It is in this context that Eliot's complaint provides an avenue of escape from the rigorous Aristotelian formula. The play is indeed not tightly constructed and its digressions and variants tend to go off at so many tangents to the core story that the whole complex can be treated as a gigantic Rorschach test which can be interpreted any way one wants. This already achieves some of the audience involvement sought by Castelvetro, Cinthio, and Lope: the audience takes delight in achieving an interpretation transcending that allowed to the characters by the script. This satisfaction can be seen in the triumph of Ernest Jones and his followers in finding some ingenious kind of Freudian interpretation, or in the self-satisfaction of any other critic who believes he has found a definitive interpretation. In view of this consideration perhaps one might simply say that Shakespeare complicates his play deliberately to the point that almost any reasonable approach might seem to clarify the action somewhat, so that everyone, no matter what the assumptions, can achieve the pleasure of creating a plausible hypothesis. This would explain the multitude of conflicting interpretations historically accumulated by commentators, and might well be considered the terminating point for any critical discussion. In these terms no interpretation could ever be correct, since no possibility of solution was ever intended by the playwright; absolute impenetrability open to infinitely fascinating speculation was always his artistic aim.
The trap seems so well-designed for this purpose that avoidance of entrance is nearly impossible for an enthusiastic critic, though one may consider Cinthio and Lope as guides to its methods. For example, one may wonder why Purgatory and other Catholic terms are so frequent in the script while Hamlet is repeatedly identified as coming back to Denmark from the noted Reformation university of Wittenberg, where Luther established himself shortly after its foundation. In fact "Shakespeare and Catholicism" is the current fashionable topic among most Shakespeareans so there have been dozens of books published about Shakespeare's religion, which bear on the degree of Christianity registered in the world of Hamlet. Most agree religious implications are at least latent. One of the earlier of these studies, Eleanor Prosser's Hamlet and Revenge, suggests revenge is unchristian whatever one's denomination, and that the play establishes this as an issue in Hamlet's hesitation about killing the usurper. Michael Wood's BBC Shakespeare program is remarkably committed to the new view that Shakespeare was a covert Catholic as the play's allusions suggest. This issue was first broached by scholars like Peter Millward (The Catholicism of Shakespeare's Plays, etc.), and gains some reinforcement from E. A. J. Honigman, Shakespeare: the "Lost Years", and Roy Battenhouse, Shakespearean Tragedy: Its Art and Christian Premises. One currently fashionable analyst of this issue is Stephen Greenblatt who has abandoned New Historicism for the religious bandwagon in focusing his book on the issue of Purgatory in Hamlet, but he is so personally hostile to Christianity that his work may be misleading for any deeper investigation.

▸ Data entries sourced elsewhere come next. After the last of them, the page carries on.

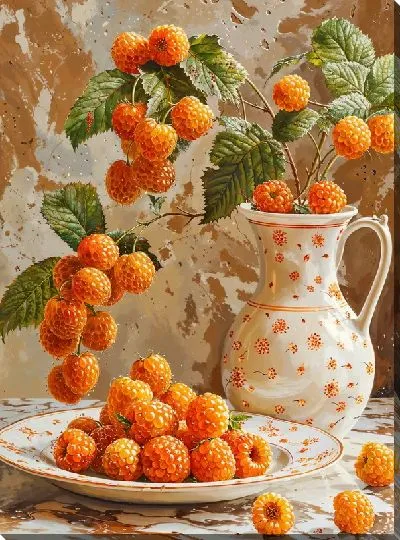 Картина маслом Желтая малина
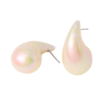 Elegant iridescent acrylic pearl drop earrings front view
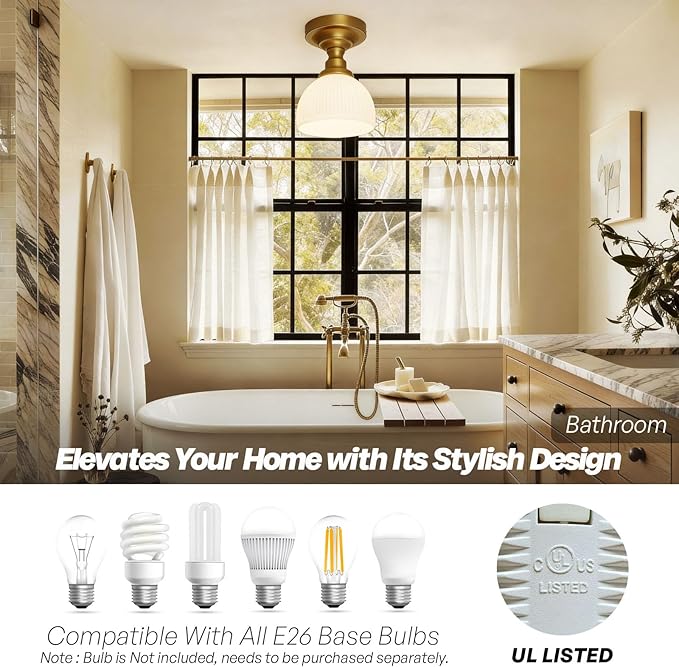Modern Schoolhouse Semi Flush Mount Ceiling Light,Gold Brass Hand-Blown Glass Close to Ceiling Light Fixtures for Hallway Laundry Entryway Kitchen Bathroom Bedroom E26 Base
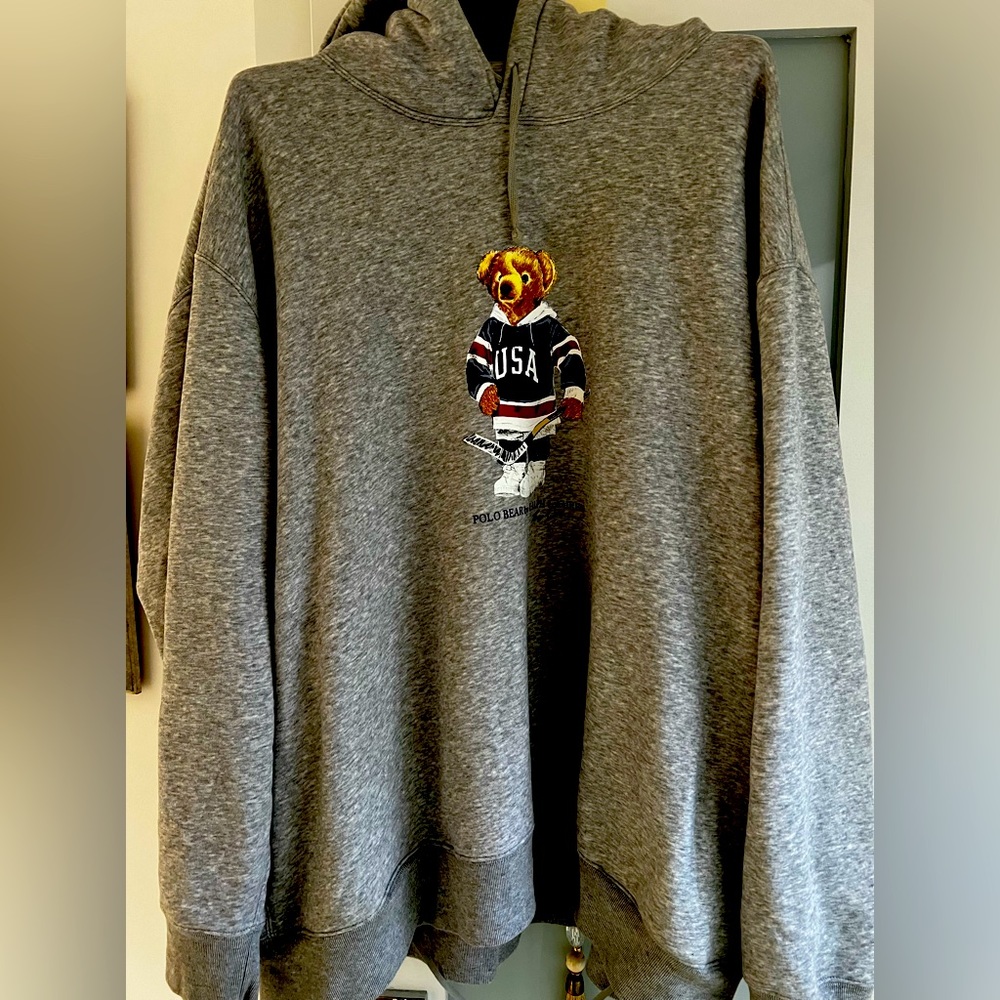 Polo Ralph Lauren Hoodie,grey with pocket Polo Bear collection . Sold as is .
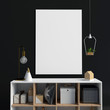 Modern interior with credenza, posters and lamps. poster mock up. 3D illustration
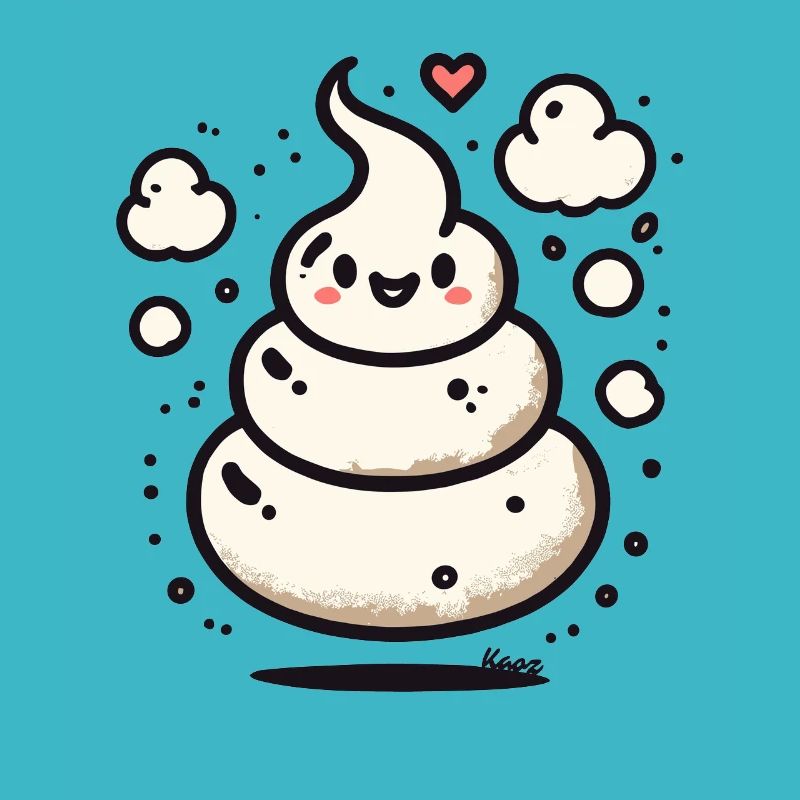 Le petit caca fantôme est mignon et drôle
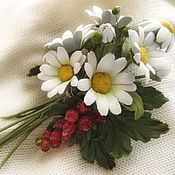 Украшения handmade. Livemaster - original item Leather flowers. Brooch hair clip WHITE DAISIES AND RED CURRANT. Handmade.
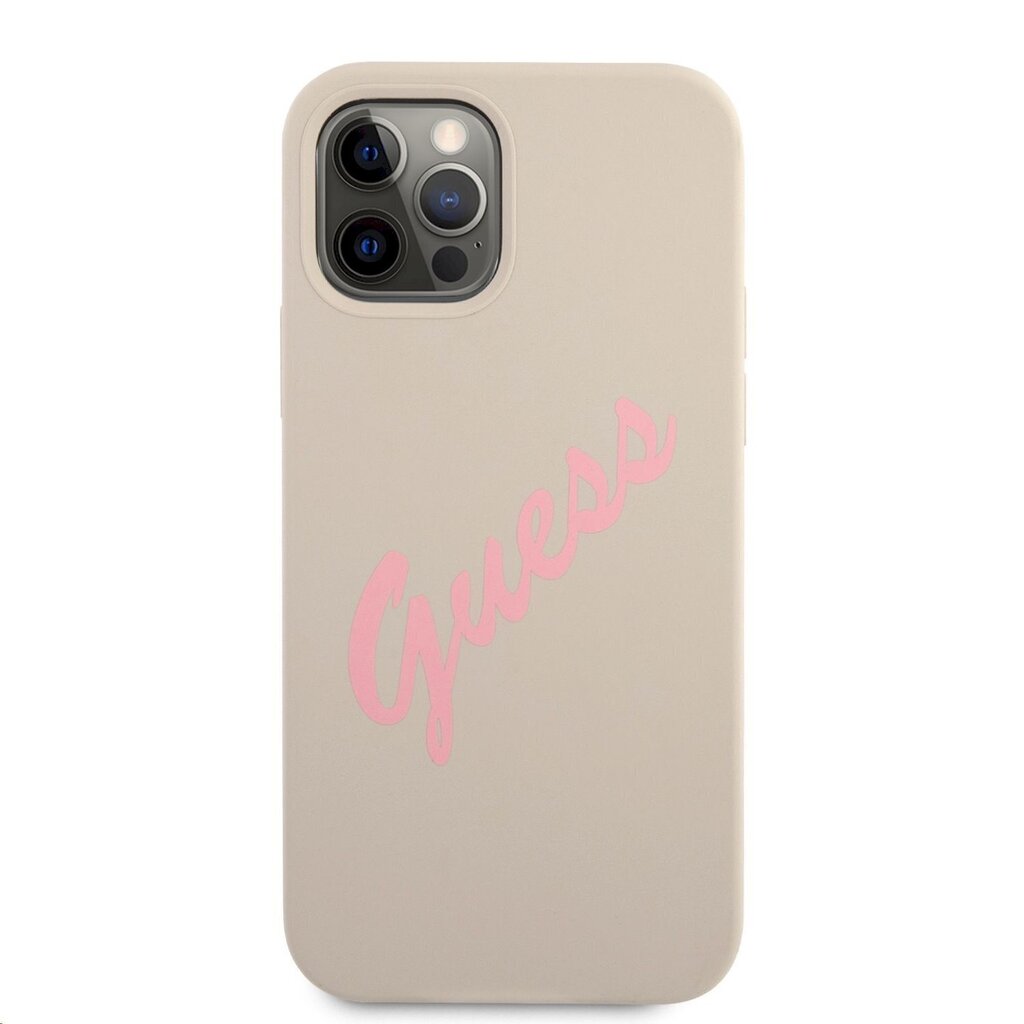 GUHCP12MLSVSGP Guess Silicone Vintage Pink Script Cover for iPhone 12/12 Pro 6.1 Grey цена и информация | Telefonide kaitsekaaned ja -ümbrised | hansapost.ee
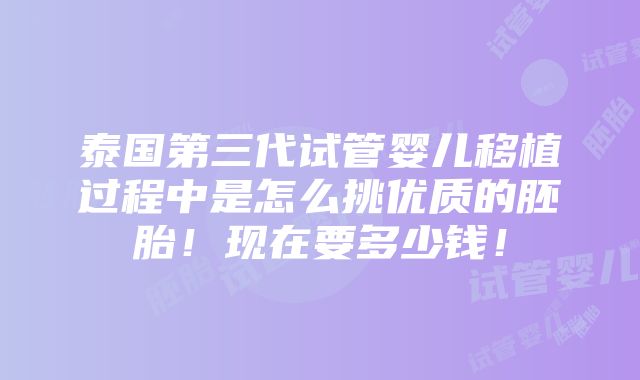 泰国第三代试管婴儿移植过程中是怎么挑优质的胚胎！现在要多少钱！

For my own views about this tempting issue, I think that, like most Elizabethans, Shakespeare remained saturated in Catholic tradition whatever his formal commitment. He was surrounded by people who had been Catholics like his parents, and his mother's whole family the Ardens, not to mention the Earl of Southampton (see Eamon Duffy, The Stripping of the Altars: Traditional Religion in England 1400-1580). As for Wittenberg, it was a newly founded university associated closely with Luther and the play's references are therefore quite significant. I see Hamlet as the new Puritan crashing into corrupt "ancien régime" Denmark, which would be more or less Catholic in a decadent kind of way, just as Angelo is going to reform corrupt Catholic Vienna in Measure for Measure. However, there is a further complication in that Shakespeare likes to telescope cultural history. King Lear is an ancient, pre-Roman British king, but Edgar was one of the great Anglo-Saxon kings a millennium later (as are names like Edmund, Oswald, etc. discussed in the later chapter on this play). Old Hamlet appears to be largely a pre-Christian Scandinavian monarch, dressed like Beowulf and committed to primitive rituals such as trial by duel: despite his hints of impending Christianity, his call for revenge seems pagan, even diabolic, as his son senses. So in one way the play is also about the need for the coming of Christian pacifism to the old revenge-structured pagan culture of Scandinavia, reflected in the brutal saga which is its ultimate source. By this view, young Hamlet aspires to reform Denmark in two senses, first in rejecting the heroic pagan values of the old sagas, and secondly as a Reformation Puritan repudiating the degenerate morals of much late medieval society. I think the play works well in both terms. So Hamlet is a reformer against his father's revenge culture, and also against the increasingly Machiavellian culture of old Catholic Europe, as reflected by his ambivalent uncle, a Borgia-like figure.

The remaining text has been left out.